Tuesday marked University of Minnesota alumnus Shezanne Cassim’s 247th day in foreign custody. He’s sitting in a maximum security prison, and his future remains unclear.
Tuesday was also Human Rights Day — a day when students and faculty members again called on the government of the United Arab Emirates to release Cassim. His next court date is Monday, but it has already been rescheduled five times, his family’s lawyer said.
“We are constantly worried about Shez,” Cassim’s sister, Shalali Cassim, said at a Tuesday news conference. Shalali Cassim is also a University alumna.
“All we want is for him to come home,” she said.
Cassim’s supporters stood holding “#freeshez” signs at the news conference and read letters of support from elected officials like Gov. Mark Dayton and Sens. Al Franken and Amy Klobuchar.
Cassim was arrested April 7, 2013, on charges of threatening national security after he posted a video to YouTube in October 2012 that satirized teenage life in Dubai.
Cassim’s supporters are calling the arrest a human rights infraction.
“The UAE promotes itself as a modern country that adheres to international human rights standards,” Susan Burns, the U.S. counsel to Cassim’s family, said at the news conference, adding that the country’s handling of Cassim’s case indicates otherwise.
The U.N. General Assembly adopted the Universal Declaration of Human Rights in 1948 as a guiding framework for member countries. Article 19 of the document guarantees the universal right to express opinions freely “through any media.” The UAE joined the U.N. more than four decades ago.
Cassim was living and working in the UAE at the time of his arrest, University Human Rights Program director Barbara Frey said.
Cassim’s brother, Shervon Cassim, said the family first suspected something was wrong when they stopped getting phone calls from Shezanne.
“We are absolutely terrified because we don’t know what’s going to happen in this situation,” Shervon Cassim said.
Students are working to spread awareness of Cassim’s imprisonment on social media and have started a petition online that calls on the UAE government to release him.
St. Catherine University sophomore Emma Scagnelli began awareness work after hearing about Cassim’s predicament from Burns, a mock trial coach at St. Catherine. At the news conference, Scagnelli wore a “Free Shez” T-shirt, as did some of her classmates.
“We really want to help add followers,” Scagnelli said.
Frey said Twitter users can also tweet their support for Cassim using the #freeshez hashtag.
For Scagnelli, the thought of her brother being imprisoned for posting a YouTube video keeps her working to free Cassim.
“I think of my brother a lot,” she said. “That’s a scary thought.”

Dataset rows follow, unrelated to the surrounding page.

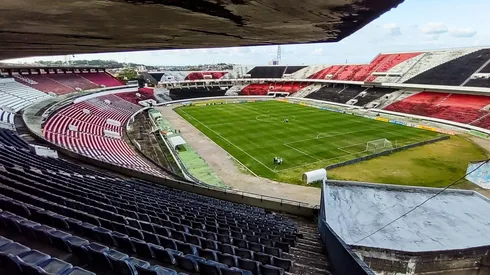 Foto: (Rafael Vieira/AGIF) - O estádio do Santa Cruz foi a leilão por conta de uma dívida trabalhista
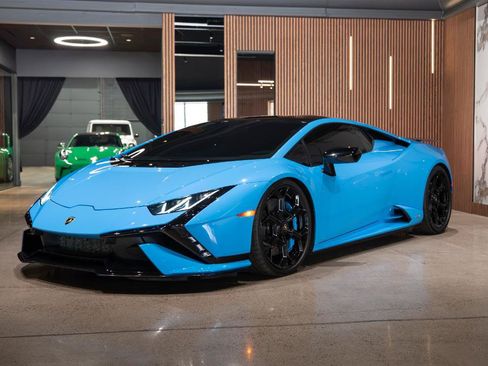 Used 2023 Lamborghini Huracan Tecnica RWD image 3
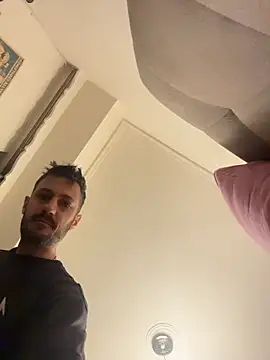 Snapshot of livegreek chatting on 31, 3, 2026 livegreek online show from 31, 3, 2026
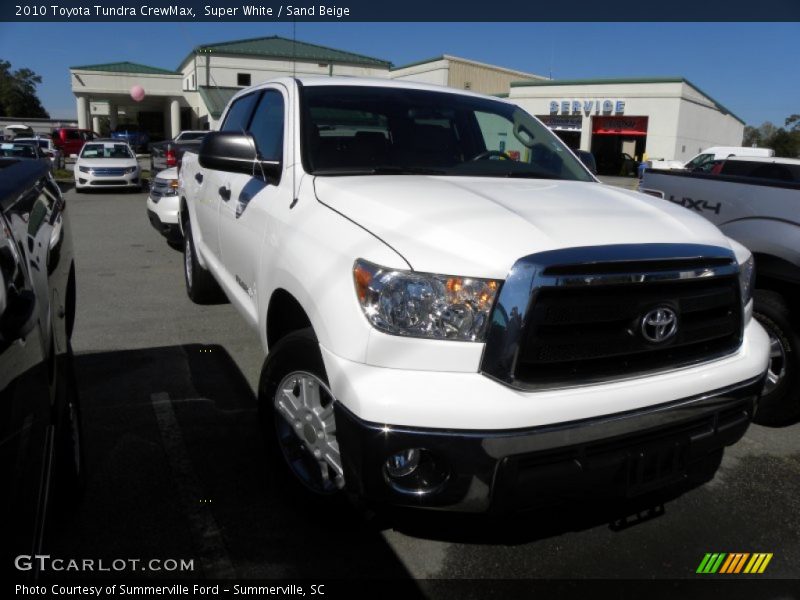 Super White / Sand Beige 2010 Toyota Tundra CrewMax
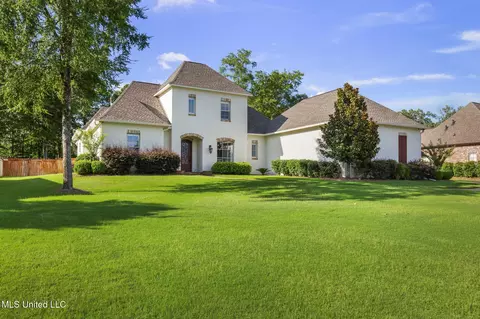 Exterior - 120 Saddlebrook Cv, Madison, MS 39110 photo 2 of 20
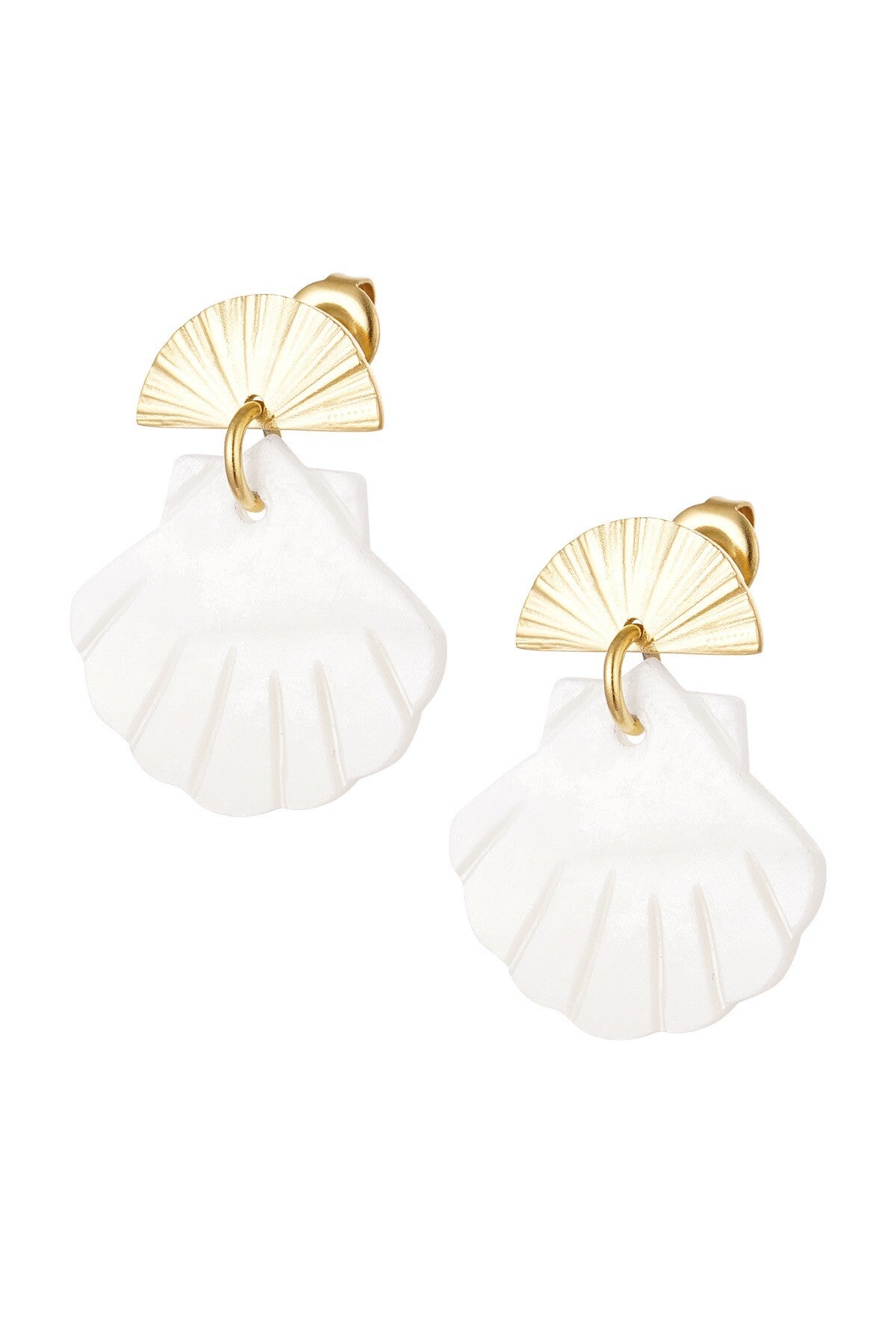 White shell studs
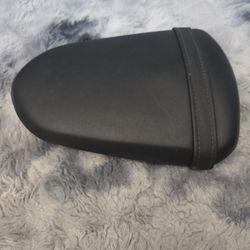 05-06 Suzuki 1000 rear seat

In her experience as a human rights advocate, Frey said more visibility increases the likelihood a country will comply with activists’ demands.
“We just want to make sure that the government knows that we’re watching closely,” she said. “We are sending a strong message that we believe that Shez ought to be released at that hearing.”
Cassim’s brother said he is hoping for good news Monday — Cassim’s next scheduled court date.
“It would mean everything to us,” he said.